[A Popular History of France From The Earliest Times by Francois Pierre Guillaume Guizot]@TWC D-Link book
A Popular History of France From The Earliest Times

CHAPTER XLVII
2/86

Faithful to its fundamental principle, it has triumphed over exile, the scaffold, and indifference, without other head than God himself and God alone.
Richelieu had slain the political hydra of Huguenots in France; from that time the Reformers had lived in modest retirement.

"I have no complaint to make of the little flock," Mazarin would say; "if they eat bad grass, at any rate they do not stray." During the troubles of the Fronde, the Protestants had resumed, in the popular vocabulary, their old nickname of _Tant s'en fault_ (Far from it), which had been given them at the time of the League.

"Faithful to the king in those hard times when most Frenchmen were wavering and continually looking to see which way the .
wind would blow, the Huguenots had been called _Tant s'en fault,_ as being removed from and beyond all suspicion of the League or of conspiracy against the state.

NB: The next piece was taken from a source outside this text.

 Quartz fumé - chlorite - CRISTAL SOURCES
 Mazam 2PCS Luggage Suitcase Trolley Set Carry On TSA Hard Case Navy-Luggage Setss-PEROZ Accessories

And so were they rightly designated, inasmuch as to the cry, '_Qui vive ?_' (Whom are you for ?) instead of answering 'Vive Guise!' or 'Vive la Ligue!' they would answer, '_Tant s'en fault, vive le Roi!_' So that, when one Leaguer would ask another, pointing to a Huguenot, 'Is that one of ours ?' 'Tant s'en fault,' would be the reply, 'it is one of the new religion.'" Conde had represented to Cromwell all the Reformers of France as ready to rise up in his favor; the agent sent by the Protector assured him it was quite the contrary; and the bearing of the Protestants decided Cromwell to refuse all assistance to the princes.

La Rochelle packed off its governor, who was favorable to the Fronde; St.Jean d'Angely equipped soldiers for the king; Montauban, to resist the Frondeurs, repaired the fortifications thrown down by Richelieu.